# Fiat 500



## scotgirl500 (Apr 27, 2010)

Some pics of my outing in my Fiat 500 last weekend.


----------



## Derek Mc (Jun 27, 2006)

Holy moly! that is so sweet, lovely to see a gennie one I was expecting a new gen one detailed up, thank you you made my night with this wee beauty


----------



## ClarkeG (Jun 17, 2006)

Lovely car there, couldn't help myself so I had a play around with one of the photos, hope you don't mind.

Clarke

Before...










After...


----------



## pooma (Apr 12, 2008)

Awww! look at the cute little car.

Must admit I'm more of a mini man, infact I love the little things but that is one stunning little 500 and they are so much rarer than minis. I'd be very proud to own a little beaut like that as I'm sure you are.


----------



## andyb (Jun 4, 2006)

What a little stunner!


----------



## David.S (Dec 27, 2009)

Justwanted to say wow


----------



## ChrisJD (Apr 15, 2009)

What a cute little motor.

Looks gorgeous.

Chris.


----------



## herbie147 (May 30, 2010)

How cool is that!! There's a red one thats local to me, its a cracker too!
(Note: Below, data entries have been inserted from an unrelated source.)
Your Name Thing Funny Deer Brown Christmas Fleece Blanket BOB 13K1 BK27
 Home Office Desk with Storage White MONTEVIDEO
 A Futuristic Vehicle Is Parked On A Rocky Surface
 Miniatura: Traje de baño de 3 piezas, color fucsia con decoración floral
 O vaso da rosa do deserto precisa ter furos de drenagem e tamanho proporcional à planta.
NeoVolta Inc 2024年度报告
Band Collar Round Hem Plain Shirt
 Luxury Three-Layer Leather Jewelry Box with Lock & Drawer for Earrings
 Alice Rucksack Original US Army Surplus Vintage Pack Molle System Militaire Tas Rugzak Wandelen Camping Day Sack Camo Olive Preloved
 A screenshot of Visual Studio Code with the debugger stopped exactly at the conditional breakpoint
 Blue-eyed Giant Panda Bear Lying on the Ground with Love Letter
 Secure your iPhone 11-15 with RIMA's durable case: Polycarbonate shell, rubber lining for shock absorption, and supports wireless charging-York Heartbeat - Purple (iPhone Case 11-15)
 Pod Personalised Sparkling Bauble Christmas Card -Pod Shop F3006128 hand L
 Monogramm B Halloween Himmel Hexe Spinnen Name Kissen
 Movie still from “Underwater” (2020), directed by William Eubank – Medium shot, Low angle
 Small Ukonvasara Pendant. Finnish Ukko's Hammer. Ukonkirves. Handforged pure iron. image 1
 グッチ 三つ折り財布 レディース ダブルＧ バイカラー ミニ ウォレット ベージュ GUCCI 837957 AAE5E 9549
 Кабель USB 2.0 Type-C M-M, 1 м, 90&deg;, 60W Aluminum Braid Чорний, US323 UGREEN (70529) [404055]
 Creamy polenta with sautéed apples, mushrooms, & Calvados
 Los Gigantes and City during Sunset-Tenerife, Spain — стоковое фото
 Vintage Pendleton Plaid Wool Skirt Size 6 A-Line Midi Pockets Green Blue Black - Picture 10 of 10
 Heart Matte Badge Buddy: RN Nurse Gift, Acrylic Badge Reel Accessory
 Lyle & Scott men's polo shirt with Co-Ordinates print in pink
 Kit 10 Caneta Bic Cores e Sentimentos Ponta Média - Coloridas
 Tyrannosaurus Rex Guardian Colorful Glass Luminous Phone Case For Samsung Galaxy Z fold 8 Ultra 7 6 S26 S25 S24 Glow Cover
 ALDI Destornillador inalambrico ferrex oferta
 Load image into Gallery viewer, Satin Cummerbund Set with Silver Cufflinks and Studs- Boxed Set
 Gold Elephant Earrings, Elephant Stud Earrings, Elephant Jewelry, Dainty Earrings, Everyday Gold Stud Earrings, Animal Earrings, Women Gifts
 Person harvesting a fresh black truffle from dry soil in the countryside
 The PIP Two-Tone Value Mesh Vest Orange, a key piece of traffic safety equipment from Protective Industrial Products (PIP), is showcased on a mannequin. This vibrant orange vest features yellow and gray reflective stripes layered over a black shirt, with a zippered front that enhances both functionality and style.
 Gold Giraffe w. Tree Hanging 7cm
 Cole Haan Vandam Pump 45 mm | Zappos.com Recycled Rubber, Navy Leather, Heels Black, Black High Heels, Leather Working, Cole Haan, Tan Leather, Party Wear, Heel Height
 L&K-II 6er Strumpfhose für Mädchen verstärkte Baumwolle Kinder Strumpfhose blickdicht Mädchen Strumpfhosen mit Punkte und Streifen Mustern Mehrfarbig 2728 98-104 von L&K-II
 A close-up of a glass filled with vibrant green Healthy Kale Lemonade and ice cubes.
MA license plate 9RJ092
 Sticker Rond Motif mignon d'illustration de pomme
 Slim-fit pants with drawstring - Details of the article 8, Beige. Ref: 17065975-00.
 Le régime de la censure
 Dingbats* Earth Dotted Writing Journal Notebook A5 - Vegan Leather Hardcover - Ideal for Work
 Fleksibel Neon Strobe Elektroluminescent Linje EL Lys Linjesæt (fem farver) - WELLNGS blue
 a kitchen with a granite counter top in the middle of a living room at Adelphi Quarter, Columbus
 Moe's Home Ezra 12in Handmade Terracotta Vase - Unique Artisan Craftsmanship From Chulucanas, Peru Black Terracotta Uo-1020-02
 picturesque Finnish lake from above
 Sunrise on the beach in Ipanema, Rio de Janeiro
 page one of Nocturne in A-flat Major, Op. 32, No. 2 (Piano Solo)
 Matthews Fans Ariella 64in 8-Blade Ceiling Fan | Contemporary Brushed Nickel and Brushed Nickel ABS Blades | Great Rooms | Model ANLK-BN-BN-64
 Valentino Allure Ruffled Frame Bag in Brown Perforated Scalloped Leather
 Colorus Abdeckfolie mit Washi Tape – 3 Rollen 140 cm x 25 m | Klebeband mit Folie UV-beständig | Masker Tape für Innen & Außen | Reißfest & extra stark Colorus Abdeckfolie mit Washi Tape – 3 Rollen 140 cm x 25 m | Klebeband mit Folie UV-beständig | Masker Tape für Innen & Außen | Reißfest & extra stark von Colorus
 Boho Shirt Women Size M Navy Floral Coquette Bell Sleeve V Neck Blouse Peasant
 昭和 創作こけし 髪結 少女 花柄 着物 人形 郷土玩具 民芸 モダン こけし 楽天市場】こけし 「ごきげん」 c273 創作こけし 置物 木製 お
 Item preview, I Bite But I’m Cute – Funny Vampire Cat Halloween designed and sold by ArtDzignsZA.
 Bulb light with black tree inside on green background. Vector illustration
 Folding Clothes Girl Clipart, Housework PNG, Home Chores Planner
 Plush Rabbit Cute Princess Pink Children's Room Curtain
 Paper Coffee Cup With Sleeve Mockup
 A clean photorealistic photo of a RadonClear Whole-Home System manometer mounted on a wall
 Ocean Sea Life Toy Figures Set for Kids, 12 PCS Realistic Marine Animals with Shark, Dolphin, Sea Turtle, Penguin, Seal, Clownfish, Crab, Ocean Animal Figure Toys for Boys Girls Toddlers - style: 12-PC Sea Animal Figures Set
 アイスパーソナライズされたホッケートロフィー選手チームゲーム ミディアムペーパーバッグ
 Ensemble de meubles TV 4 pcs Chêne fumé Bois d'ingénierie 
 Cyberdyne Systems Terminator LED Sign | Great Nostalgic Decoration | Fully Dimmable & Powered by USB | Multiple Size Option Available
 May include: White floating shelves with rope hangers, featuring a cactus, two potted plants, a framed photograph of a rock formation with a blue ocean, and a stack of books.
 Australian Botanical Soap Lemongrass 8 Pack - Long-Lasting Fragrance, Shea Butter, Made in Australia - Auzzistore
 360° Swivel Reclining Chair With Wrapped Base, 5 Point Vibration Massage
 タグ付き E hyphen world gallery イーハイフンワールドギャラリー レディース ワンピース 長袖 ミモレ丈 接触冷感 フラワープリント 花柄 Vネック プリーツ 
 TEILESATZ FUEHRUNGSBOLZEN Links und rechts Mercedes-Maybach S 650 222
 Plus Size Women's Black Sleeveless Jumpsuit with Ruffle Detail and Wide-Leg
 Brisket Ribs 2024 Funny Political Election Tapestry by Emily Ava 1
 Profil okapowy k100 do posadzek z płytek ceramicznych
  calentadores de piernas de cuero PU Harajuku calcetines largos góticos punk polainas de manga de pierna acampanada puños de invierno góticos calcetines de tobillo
Well retro!!


----------



## neilneilorange (Oct 9, 2007)

Beautiful.


----------



## Auto Detox (Dec 22, 2007)

Very cool car you you've got there Scotgirl & looks in great condition too 

Baz


----------



## O`Neil (Aug 13, 2007)

Lovely 

These little things always put a smile on my face.


----------



## empsburna (Apr 5, 2006)

Epic little half bag.


----------